Increase your forecast accuracy

– with forecast value-add

13 June 2022

The importance of a high forecast accuracy in today’s supply chains is higher than ever before – or if not having a high forecast accuracy, at least having a stable and unbiased forecast or forecast range. At the same time, the opportunities of applying more advanced forecast algorithms to the demand planning process have also increased. But how do we know that we are improving the forecast accuracy with a changed statistical model or with the promotion plan that we are currently running?

In this article, we are explaining how applying forecast value-add measures linked to the forecast accuracy of the different building blocks of the demand planning process can help organisations improve their forecast accuracy, increase the control of their forecast and streamline their process.

With the forecast value-add you can measure the value gained of the process steps

In the demand planning process, the different process steps are together constructing the final forecast. The forecast is constructed by reviewing and evaluating the product mix, applying statistical methods, incorporating seasonality knowledge based on historical consumption, collecting input from various stakeholders as sales and finance and adding on extra promotions.

It can be a challenging task to evaluate the input from the different areas, especially when we may miss forecast accuracy measures on the detailed level or if we are only able to compare the final released forecast with the historical actuals. By measuring the incremental shift of the forecast accuracy in each step of the demand planning process, we can evaluate the process steps to assure that the process is increasing the forecast accuracy and runs efficiently.

The demand planning process gets inputs from various stakeholders and builds up the unconstrained forecast in an incremental way.

The forecast value-add measures the incremental shift in forecast accuracy of the process. When the forecast value-add is in place, learnings can be taken from the result. However, you should use the forecast value-add to find overall dysfunctional parts of the process, and therefore, it should be reviewed on an aggregated level as an average over multiple time periods.

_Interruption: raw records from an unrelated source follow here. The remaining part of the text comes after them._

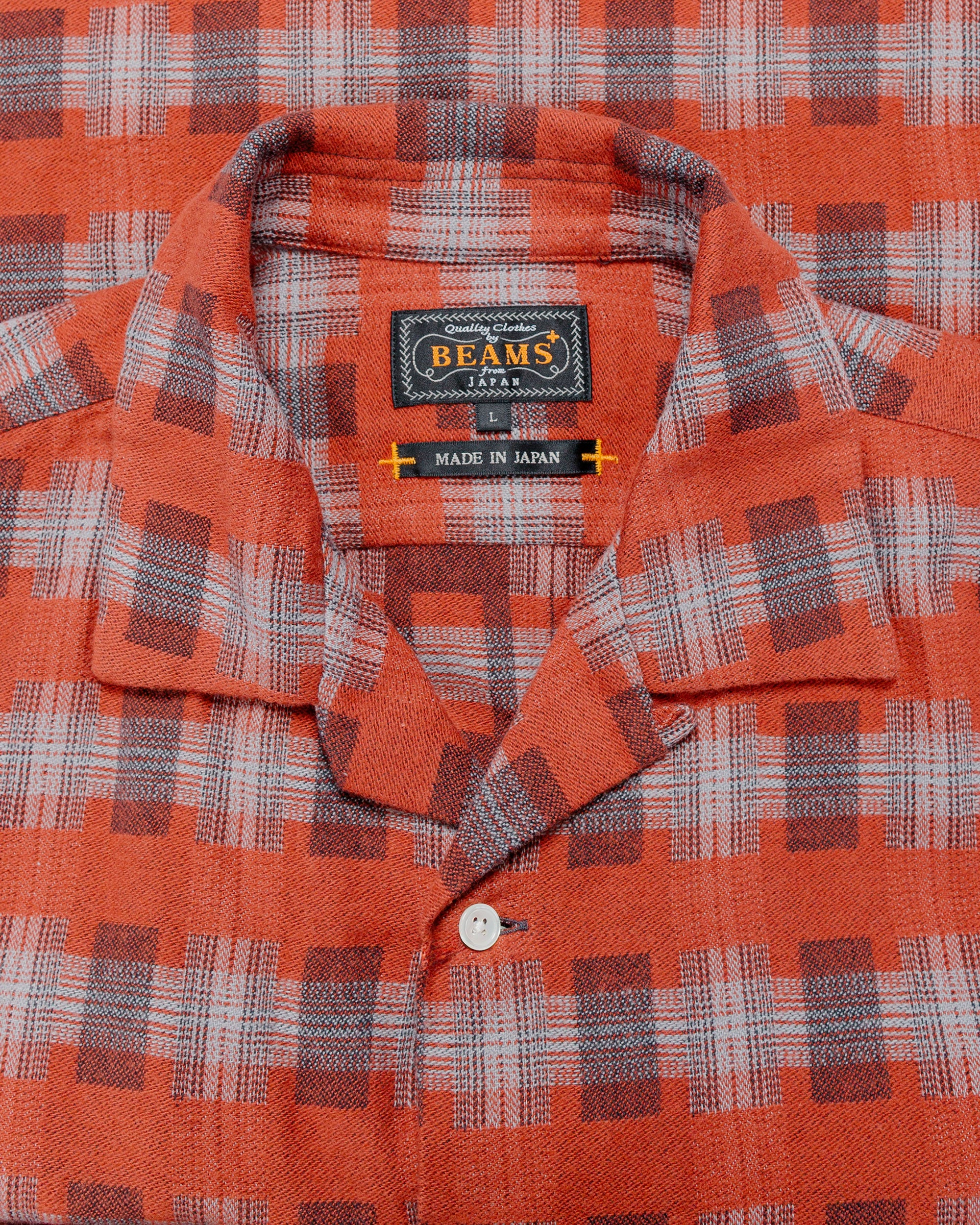 Beams Plus Open Collar Brushed Satin Plaid Red - Image 5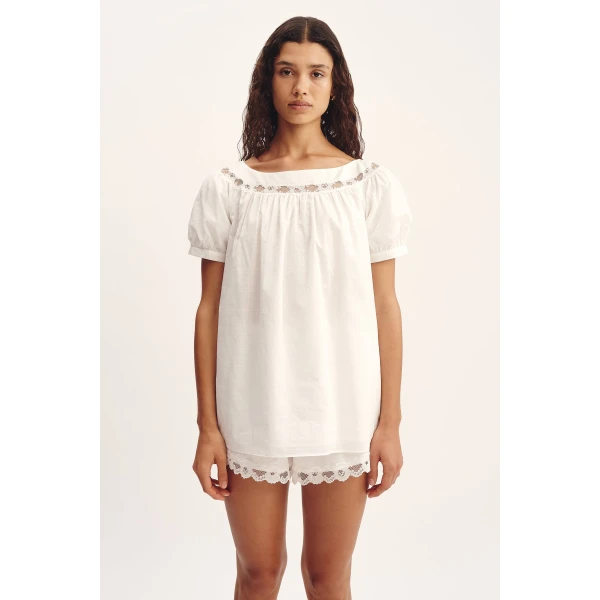 Posse Marilyn Blouse - Vintage White – sustainable Tops in White from Australian designer at Coveti.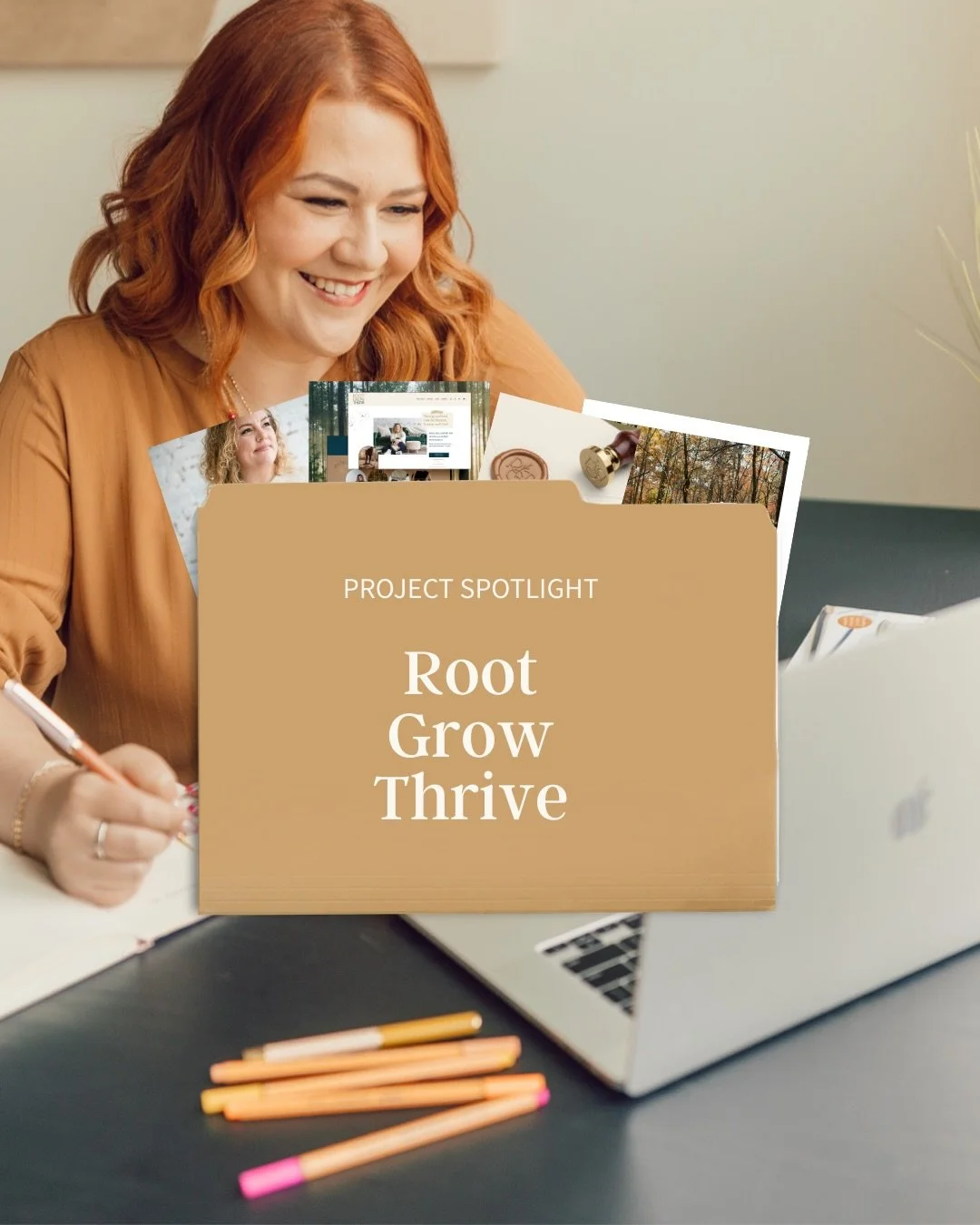 Allie of @root_grow_thrive is a skilled therapists and soul care provider for helping and healing professionals. Her work is all about helping them reclaim resiliency and get back to peace, power, and purpose.

We interpreted the warmth, joy, vibranc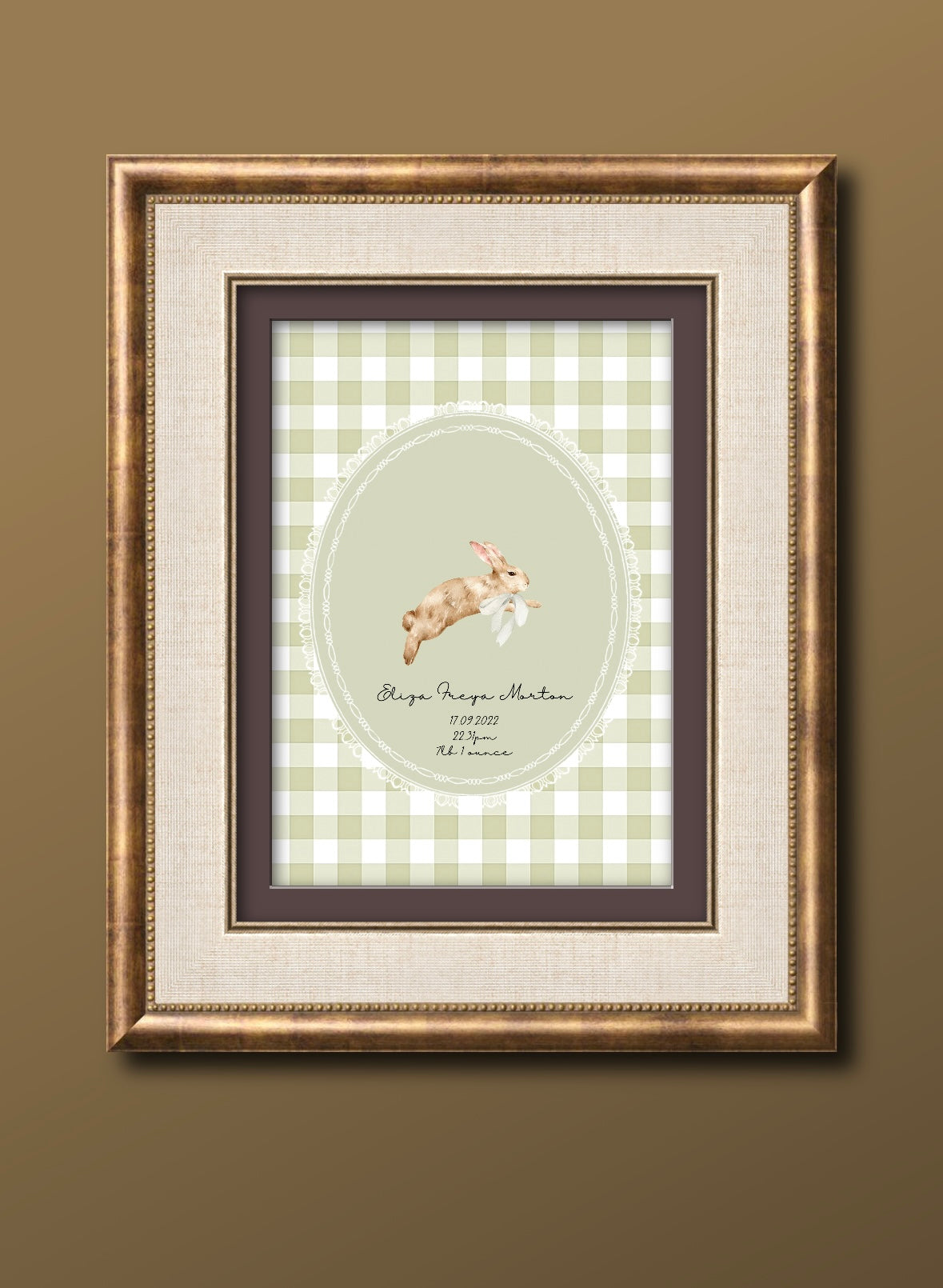 Leaping Bunny with Bow Vintage Personalised Art Print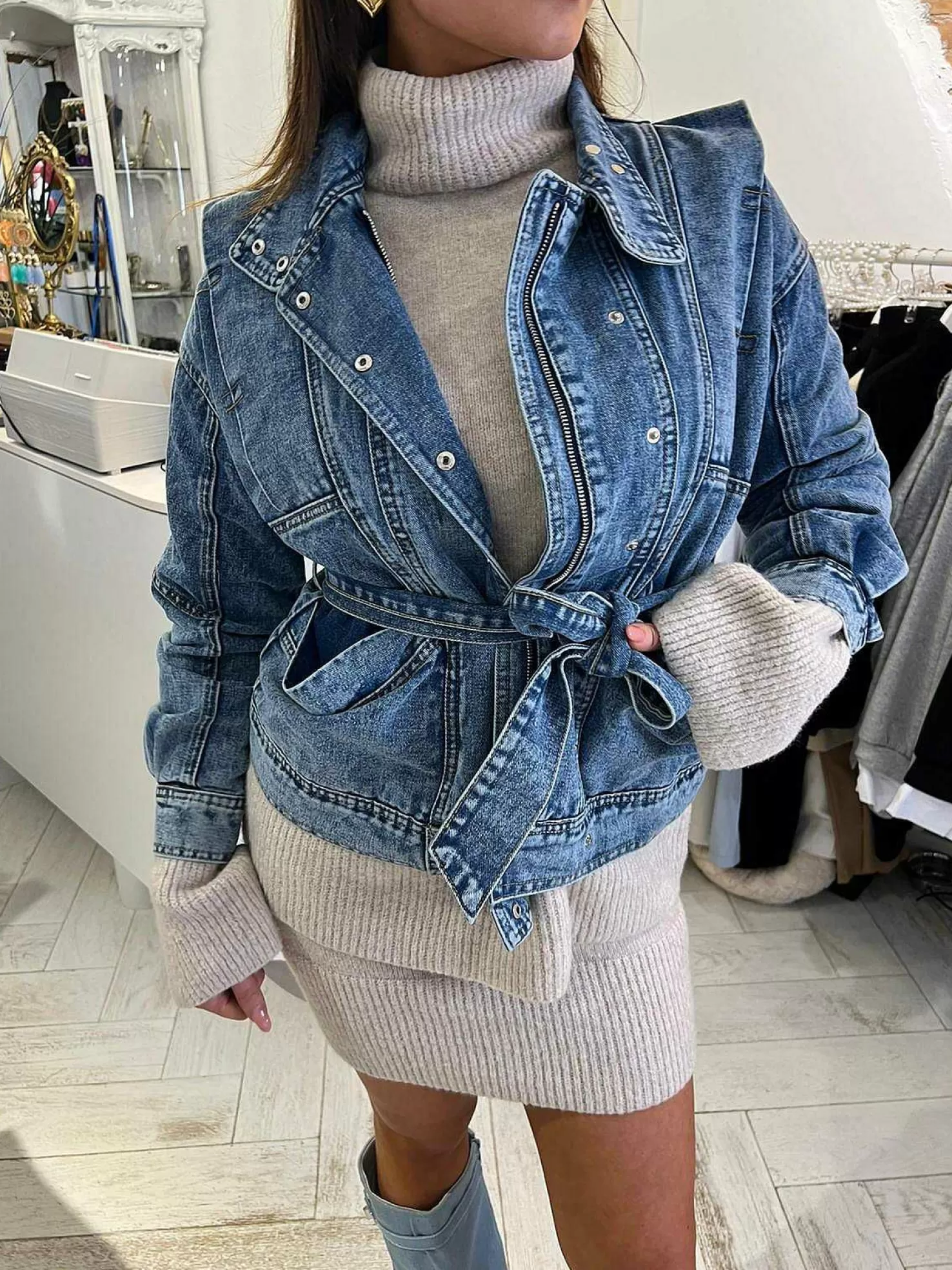 LOF Boutique Jassen>Mabel Denim Jacket Blue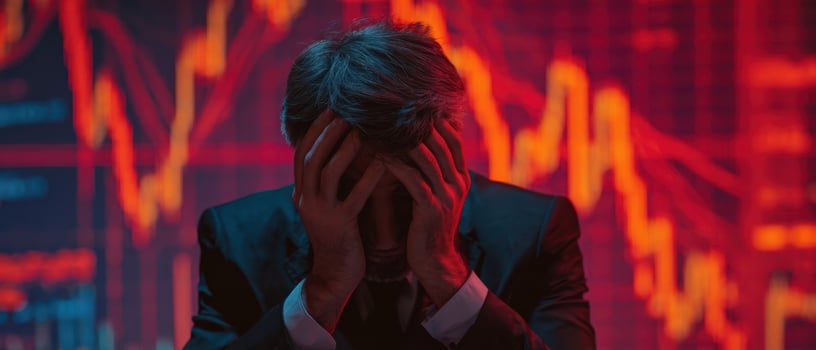 The businessman experiencing emotional distress amid financial market turmoil. photo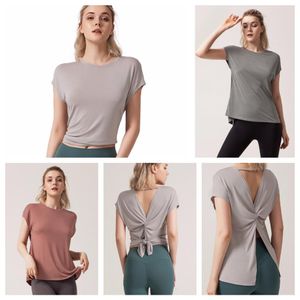 LU-60 Kobiety Koszulka Dziewczyny Krótkie rękawie Koszulka T-shirt Damie Casual Joga Stroje dla dorosłych ćwiczeń sportowych zużycie fitness 232k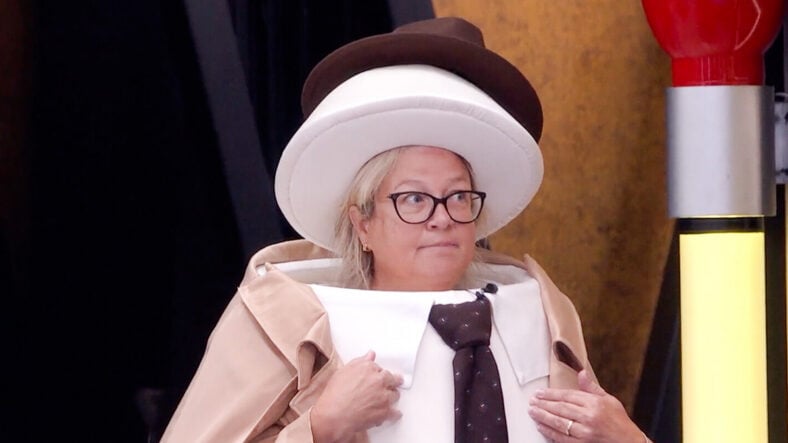 Angela from BB28 wearing an egg costume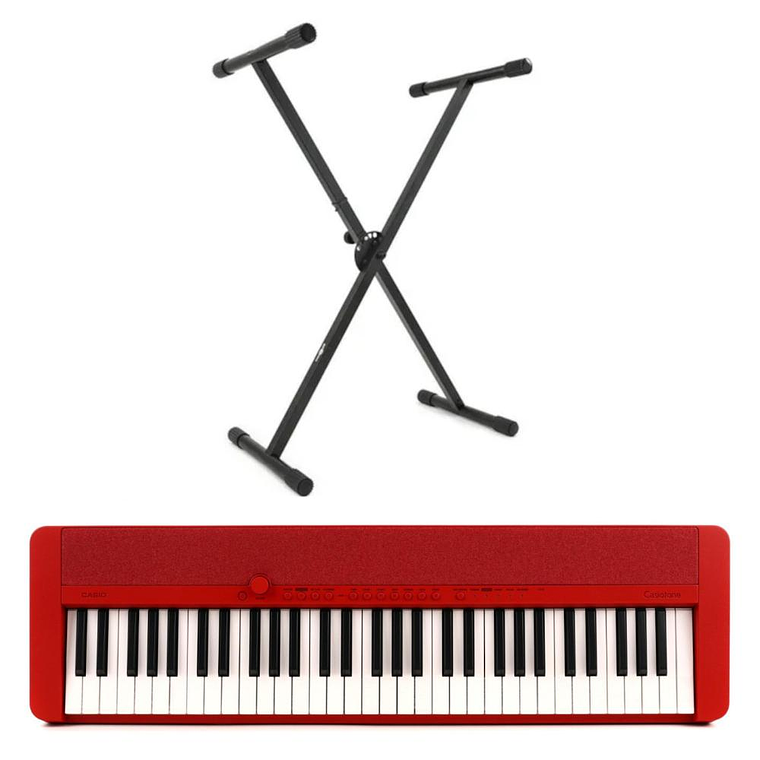 Pack Teclado Casio CT-S1 Rojo + atril de tubo simple 1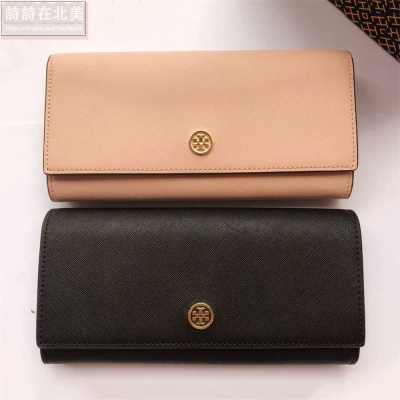 詩詩精品 Tory Burch 皮夾 長夾 時尚百搭 錢包 暗釦錢夾 十字紋防刮多卡位零錢包 女生卡夾 證件夾 手拿包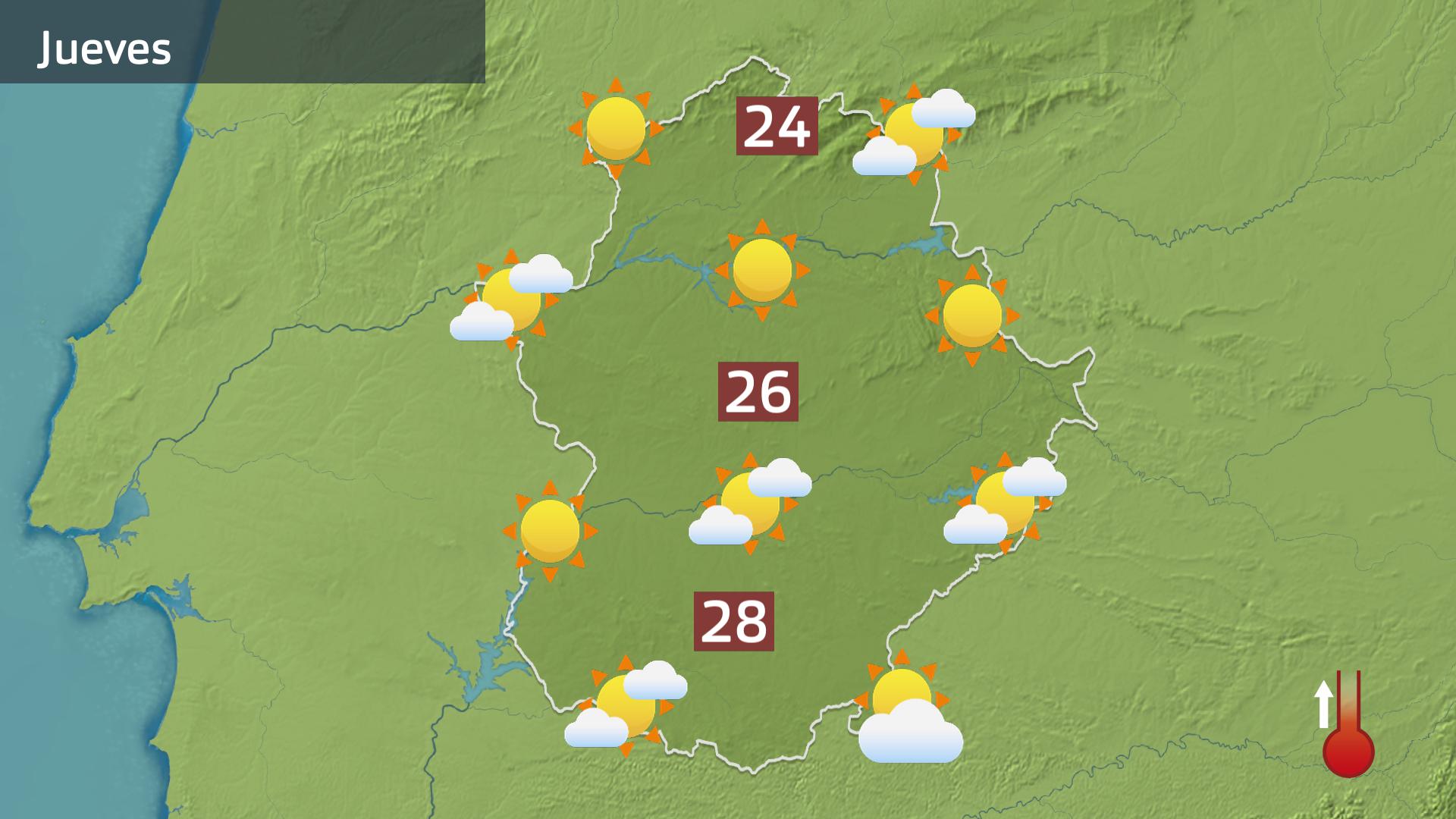 Mapa de previsión para hoy jueves 16 de abril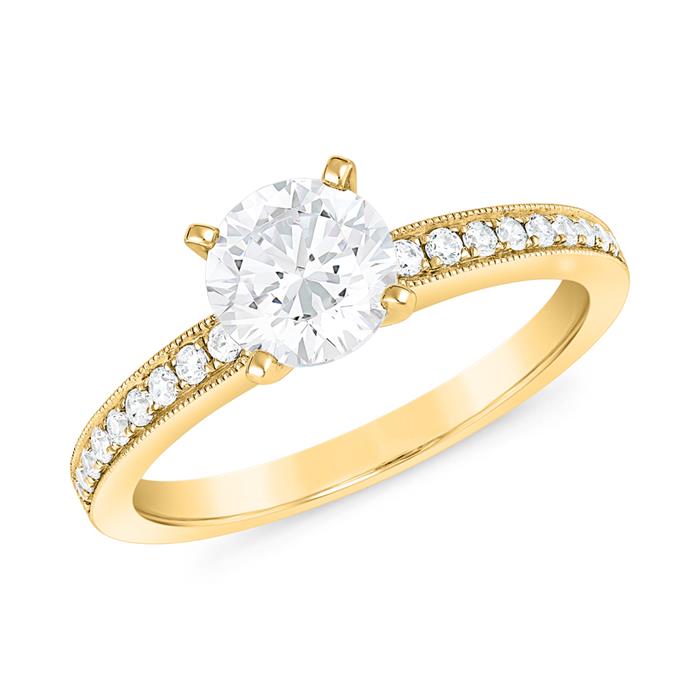 Diamond-set milgrain ring in yellow gold, engravable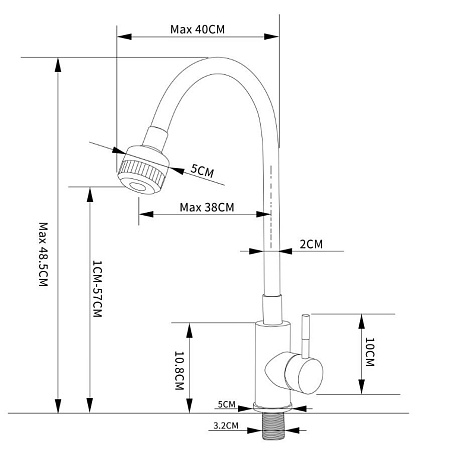 Смеситель для мойки Avrora Kitchen AV9001B, латунь, черный купить в СОМ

When you analyse the forecast accuracy through the forecast value-add, the objective is mainly to answer two questions:

  1. Is each step of the process improving the total forecast?
  2. Are we making good use of our time?

Therefore, it is important that the level at which the forecast value-add numbers are reviewed is similar to the responsibility level for the different input processes, e.g. product group, customer, sales area and industry.

The starting point for the forecast value-add calculation is a simple statistical forecast model. If you have multiple steps to get to a baseline forecast, e.g. seasonality calculations, then these should have their own forecast value-add calculation.

Then the learnings obtained from analysing the forecast value-add numbers can result in actions in the demand planning process going forward – which will result in a more efficient demand planning process and a higher forecast accuracy. The forecast accuracy is not a management KPI but should be used by the demand planners to increase their knowledge about their process, statistical models and their manual inputs to improve it for the future. Therefore, you should incorporate the review of these numbers into the normal planning cycle.

An example of how forecast value-add can be assessed over time periods to find areas of the process that are not adding value.

You can also use the forecast value-add foundation to support the demand planning process where the baseline forecast is derived from machine learning algorithms.

Assess the shift, and assure contribution to forecast accuracy

Today, many companies are experimenting with machine learning algorithms. We see a lot of transitions from a more classical statistical forecast model selection process to investigating the possibilities of using machine learning algorithms instead. To support this process to develop, deploy and operate machine learning models, we recommend using a forecast value-add approach linked to it.

We have met multiple companies that have started using machine learning algorithms based on proof-of-concept results. But to justify the implementation of machine learning, we recommend comparing the performance of the machine learning algorithm on an on-going basis.

The final forecast accuracy is achieved by adding on forecast-value-adding information in various steps.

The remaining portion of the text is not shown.